By: Alex Phuong (Two Beers) –
Hedy Lamarr was one of the most beautiful and versatile actresses that Hollywood has ever known. She has played a variety of roles ranging from Joan of Arc in The Story of Mankind (1957) to Delilah in Samson and Delilah (1949). With such beauty and talent, it would seem very strange that Lamarr would have the starring role in a film called The Strange Woman (1946). Nevertheless, Lamarr is definitely the star of this Film Noir classic.
Because of Hedy Lamarr’s undeniable beauty, she radiates throughout the entire film. She might have been in a role as the plain and ordinary-named “Jenny,” but Jenny looks fantastic as a strange and manipulative woman in 1820s New England. Lamarr wears beautiful costumes throughout the picture, and she executes the role very well by bringing Jenny Hager to life out of the pages of Ben Ames Williams’s original novel. This film really is one of Hedy Lamarr’s best films.

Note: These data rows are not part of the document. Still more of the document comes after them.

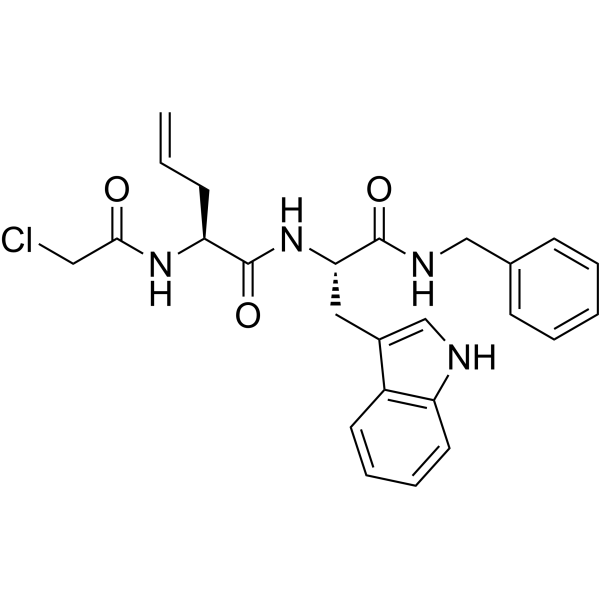 Mpro/PLpro-IN-1 Chemical Structure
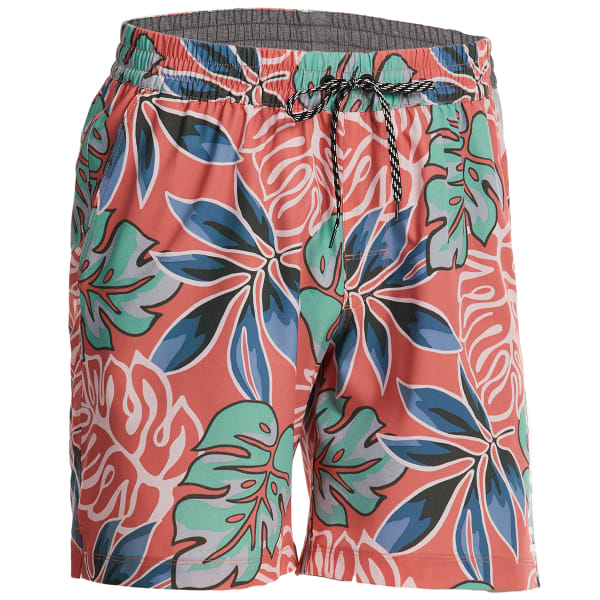 HURLEY Young Men's 7.5" Hana Bay Volley Shorts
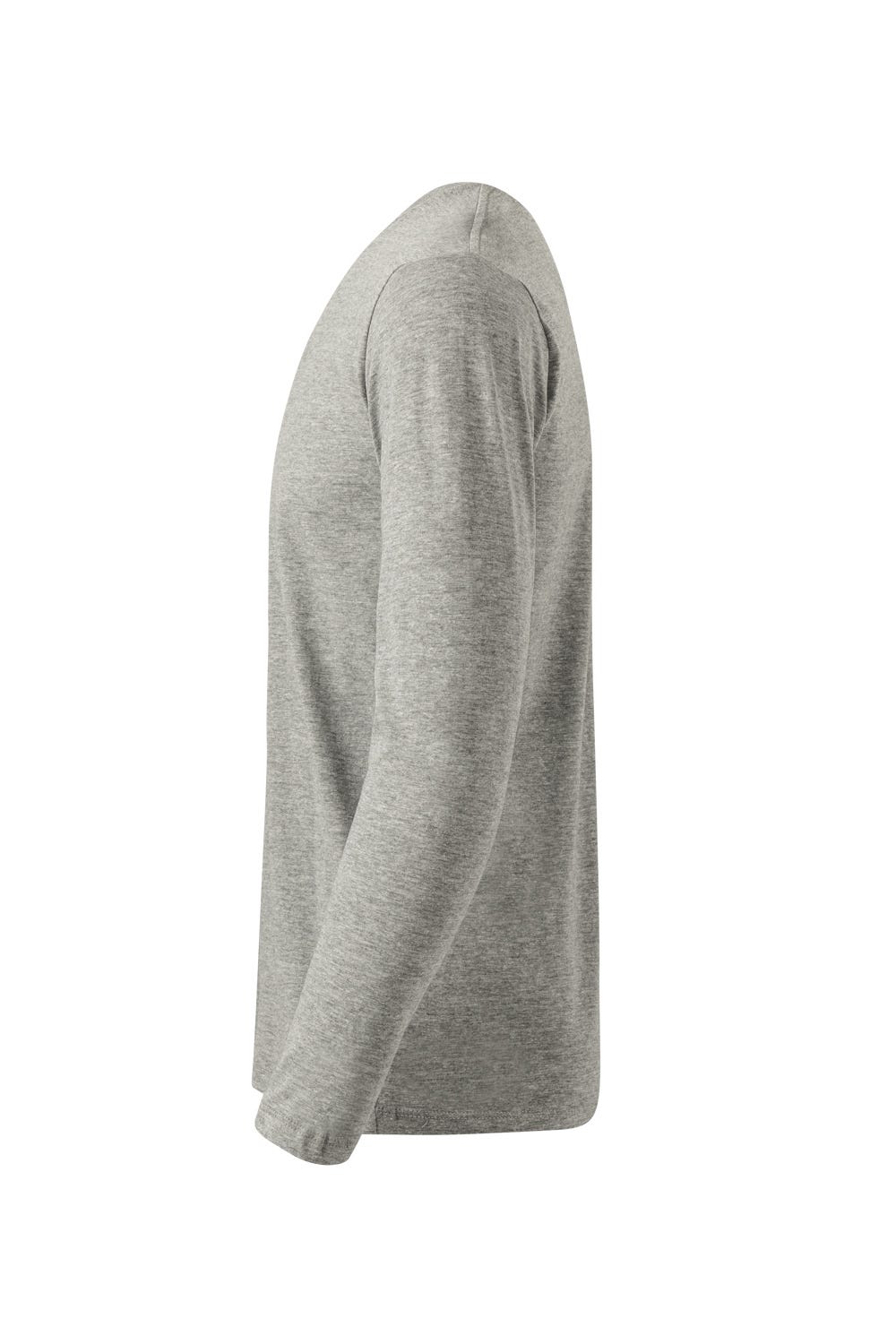 MK156CV.CAMISETA MANGA LARGA 155 HEATHER GREY 2XL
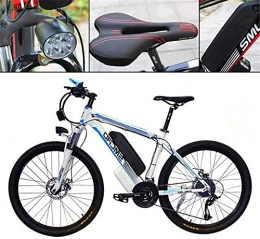 CCLLA Electric Mountain Bike CCLLA 26''E-Bike Electric Mountain Bycicle for Adults Outdoor Travel 350W Motor 21 Speed 13AH 36V Li-Battery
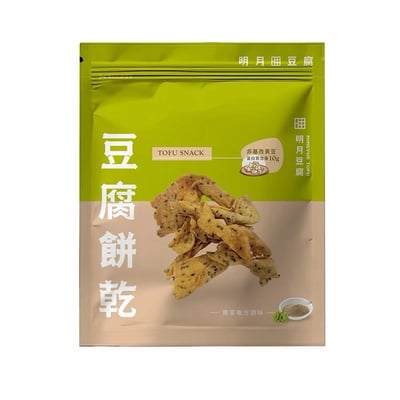 【明月豆腐】 豆腐餅乾 7種風味 150g/袋 無添加 手工 甜食 點心 下午茶 休閒零食 伴手禮 脆餅6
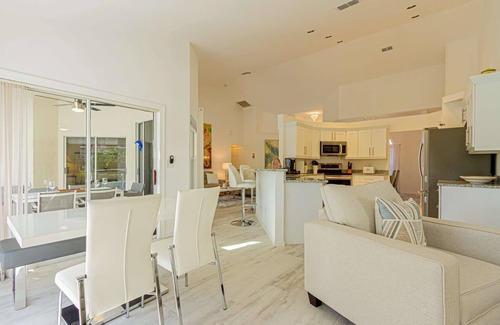 Crown Pointe House | Crown Pointe- Upscale lake view, pool home (w/2 king bedrooms) minutes to downtown & beaches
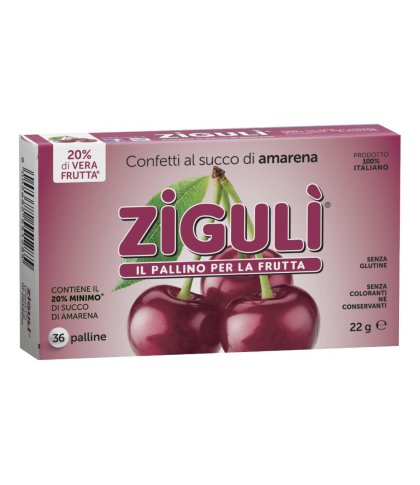 ZIGULI AMARENA 36PALLINE 22G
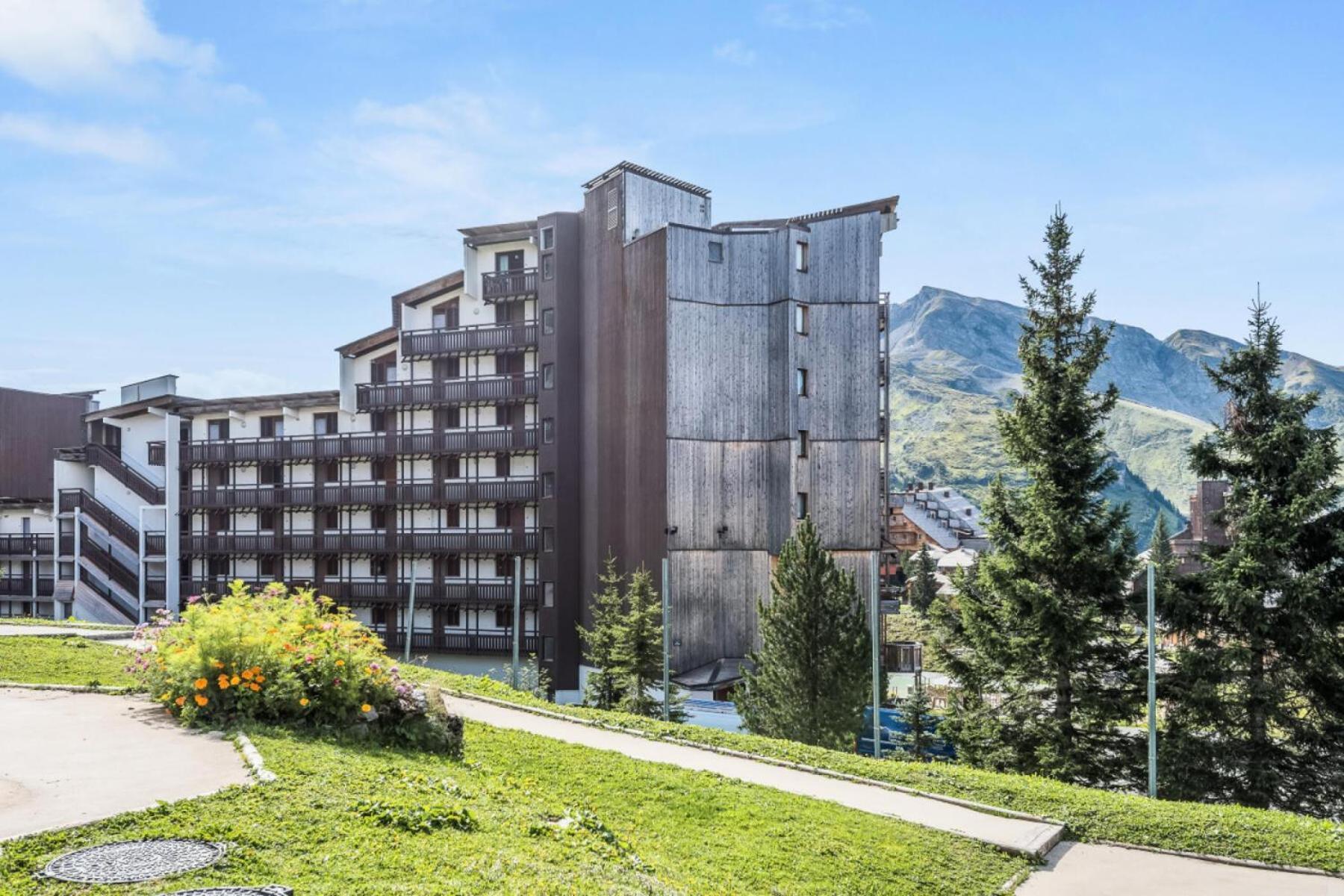 Residence Les Fontaines Blanches - Maeva Home - Studio 4 Personnes Confort Mae-5099 Morzine Dış mekan fotoğraf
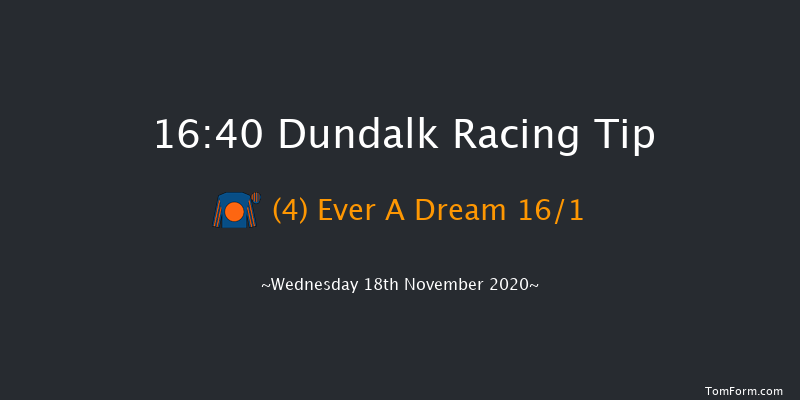Irish Stallion Farms EBF Fillies Maiden (Plus 10) Dundalk 16:40 Maiden 7f Mon 16th Nov 2020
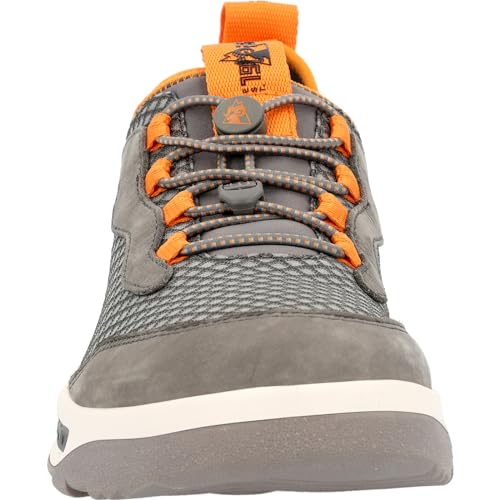 Rocky Mens Nowake Slip Resistant Soft Toe Work/Duty - Grey3
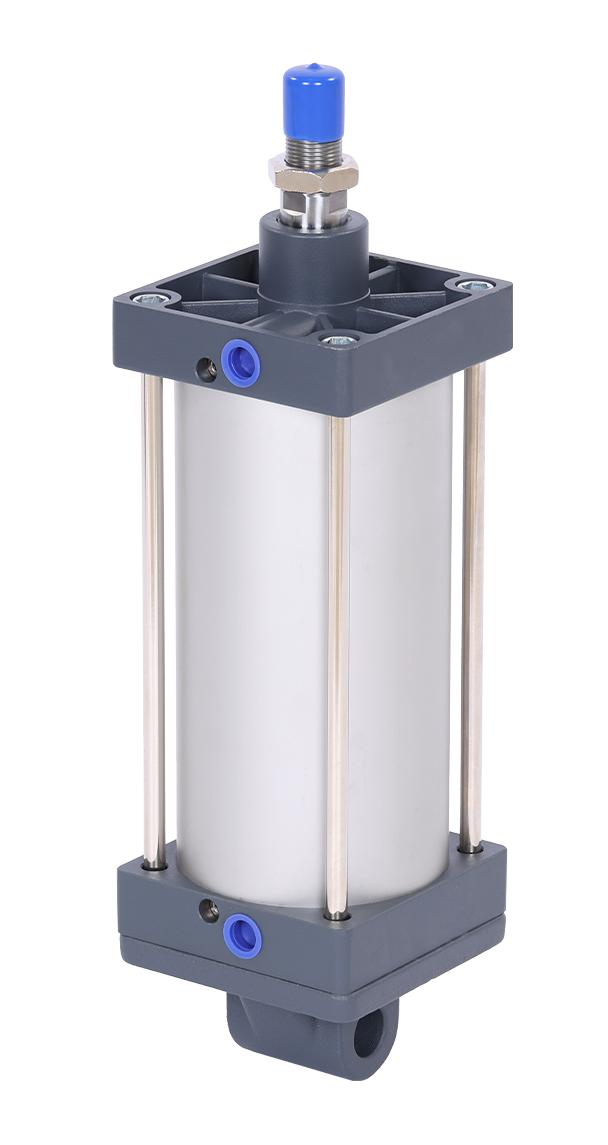 Пневмоцилиндр (M27X2) в сборе с площадкой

In spite of Lamarr’s strong presence on-screen, there is a major plot hole in this film. Jenny Hager is a character born in Bangor, Maine, but her character has a strong Austrian accent. That is a type of plot hole that has occurred numerous times in film history because filmmakers have a tendency to cast stars with big names in order to attract audiences. Even with that slight error in casting a major star, her portrayal of Jenny is still one of Hedy Lamarr’s best film performances.
Film Noir was very popular in the 1940s. It led to some great cinematic achievements, like The Maltese Falcon (1941), as well as some mediocre pictures like Guest in the House (1944). Hedy Lamarr had many strong roles during the 1940s and 1950s, and this film contains some of her best work. It might not be one of the greatest films in the film-noir genre, but it is still an interesting film about the roles that women play in society as a whole. Jenny Hager might not be the most admirable character in both literary and film history, but it did allow Hedy Lamarr to showcase her acting skills.
The Strange Woman (1946) Drinking Game
Take a Drink: whenever there is water on-screen (including rain and rivers)
Take a Drink: every times the characters say the name “Mr. Poster.”